One bright spot for HD: New Cars
Fri Mar 14 13:23:43 EDT 2014
There is one bright spot in HD radio's future:
Many, many new cars come standard with HD now. Given the fact
that a significant, in fact maybe, the majority of broadcast radio listening
is done in cars..... If ALL models from ALL auto and truck manufacturers
came standard with HD Radio, then that would be a big boost for HD. Sure, it
would take 5 or 10 years until most of the new cars became used cars
and most eveyrone had a car with HD, but still, it just may happen that
--a good chance with FM HD, but doubtful AM HD. AM HD does sound as
good or nearly as good as Analog FM but they probably should just give up
on AM HD now unless the licencing and equipment costs dramatically decline,
enough so, that even the smallest AM's can afford to add HD. But that's not
likely to happen.
----- Original Message -----
From: "Scott Fybush" <firstname.lastname@example.org>
Sent: Thursday, March 13, 2014 7:09 PM
Subject: Re: Stronger HD Signals
On 3/13/2014 2:46 PM, Nickolas Noseworthy wrote:
> The more options and variety
> you put on your main channel and sub-channels, coupled with more
> power, it seems only logical that an increase in listernship would
> occur. Which would mean more revenue. Please tell me if I'm wrong.
That was certainly the theory when this all started a decade ago. But
the radio industry didn't understand that the radios weren't going to
sell themselves, and until recently there's been no coherent
industry-wide effort to do what the SiriusXMs and Sprints of the world
have done: provide incentives to the electronics industry to support
The kids in the blue shirts at Best Buy get kickbacks when they sell a
satellite radio or a Verizon cellphone. They don't get anything extra
when they sell an HD Radio. Which do you think they'll push harder when
Joe Consumer walks in the door?
And on a larger scale, the satellite and wireless companies are paying,
heavily, to be in the dashboard of your next car. HD, not so much.
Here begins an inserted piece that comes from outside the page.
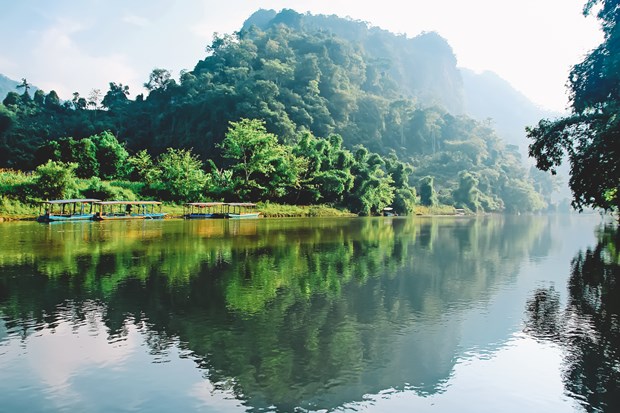 Les huit parcs nationaux les plus impressionnants du Vietnam hinh anh 5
That's why it's a near-certainty that whatever you buy next will come
with a SiriusXM trial and, soon, with a wireless data connection. The
radio industry let a decade of that go by before it tried to fight back,
and now it's probably too late.
Also, the big guys with the HD signals - Clear Channel, Entercom,
Greater, CBS - have spent literally hundreds of millions of dollars
ensuring that they have exclusive use of the scarce full-power FM
signals in markets like Boston. How much would they have to charge an
independent AM like WNTN or WUFC or (not that he'd ever pay it) WJIB to
make the extra potential competition worth it?
And what ethnic broadcaster will shell out thousands of dollars a month
to lease an HD channel that few listeners can hear, when they can spend
that same money, or less, putting a pirate signal on the air that
everyone can hear on analog FM?
It's a tough economic case to make right now for HD.